§ **EXERCISE AIM**
A word-for-word copy of every entry below is required; the images do not belong in it.

Image-text web data:
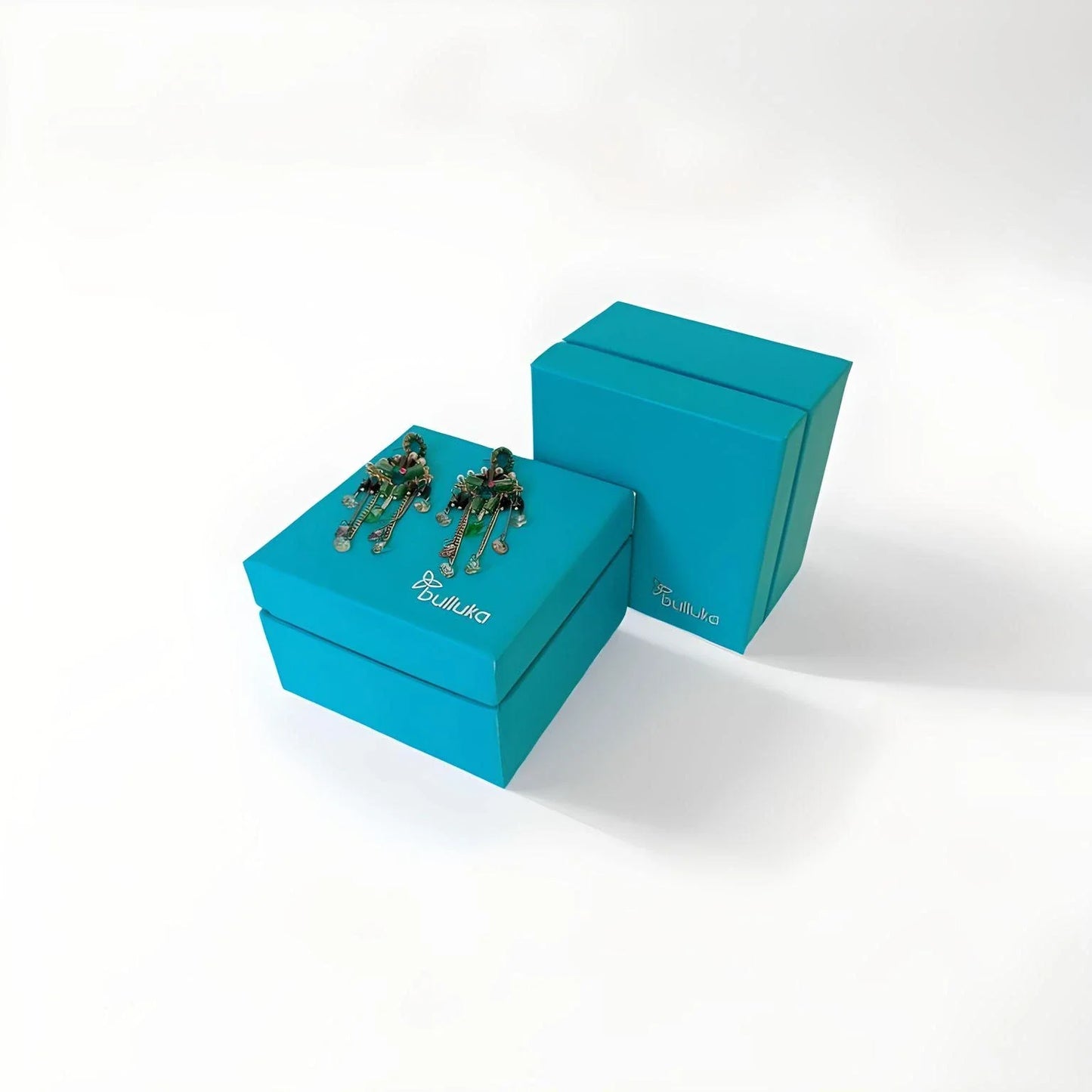 Bulluka Fringe Gala Drops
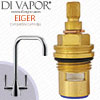 Franke Eiger U Spout Cold Side Compatible Kitchen Tap Cartridge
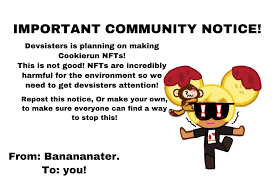 Please Read R Cookierunkingdoms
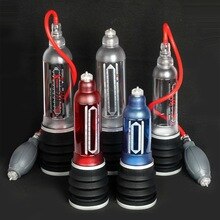 Hydrotherapy X20 X30 X40 Xtreme Penis Pump Penis Enlargement Enhancer Water Spa Extender Proextender Sex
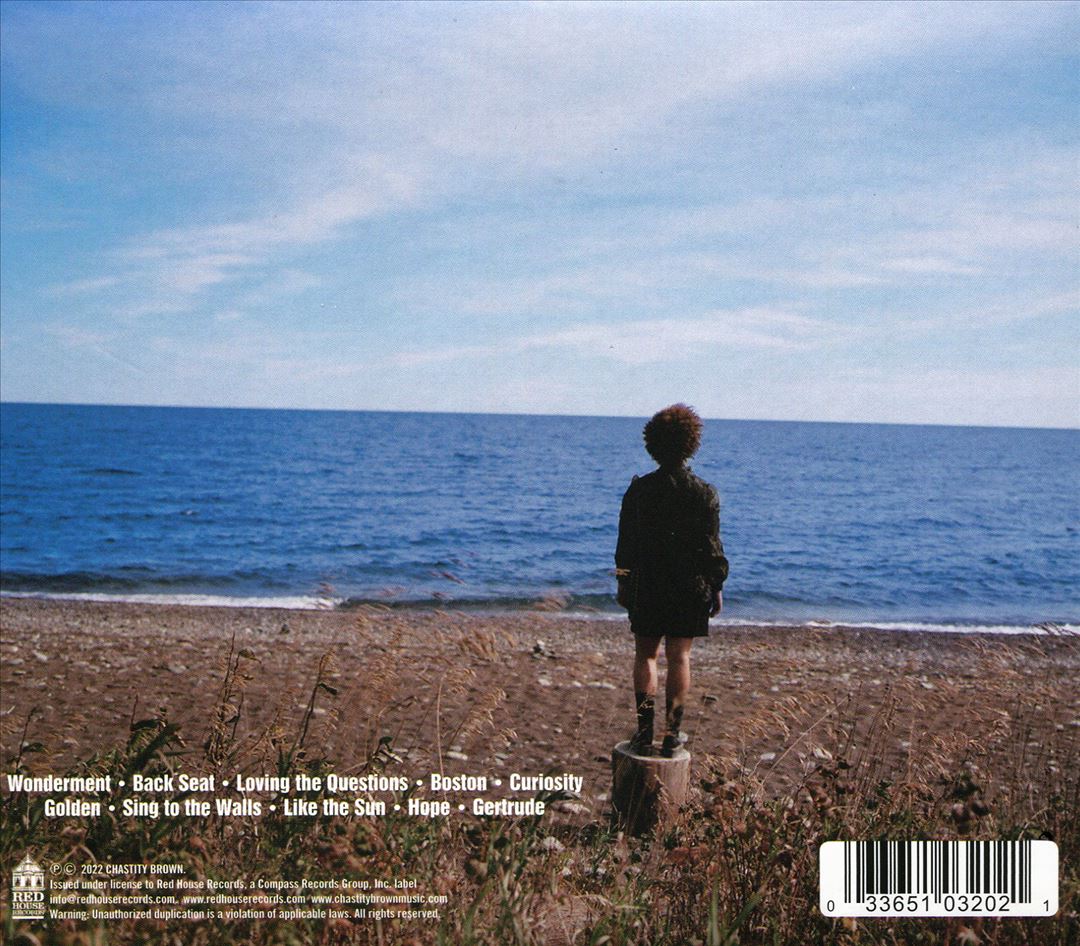 Sing to the Walls cover art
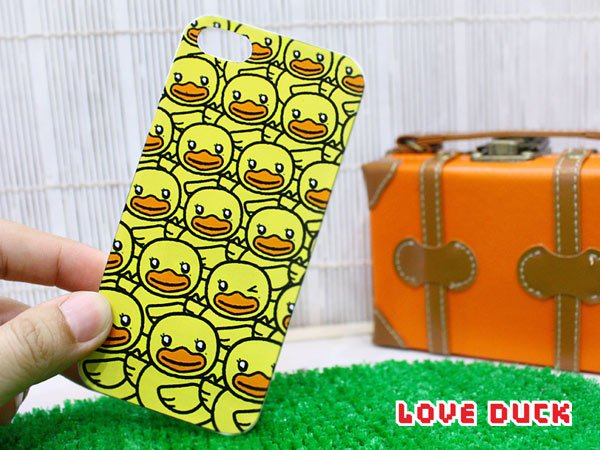 LoveDuck手機殼-2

§ **EXERCISE SOLUTION**
 Bulluka Fringe Gala Drops
 Franke Eiger U Spout Cold Side Compatible Kitchen Tap Cartridge
 Please Read R Cookierunkingdoms
 Hydrotherapy X20 X30 X40 Xtreme Penis Pump Penis Enlargement Enhancer Water Spa Extender Proextender Sex
 Sing to the Walls cover art
 LoveDuck手機殼-2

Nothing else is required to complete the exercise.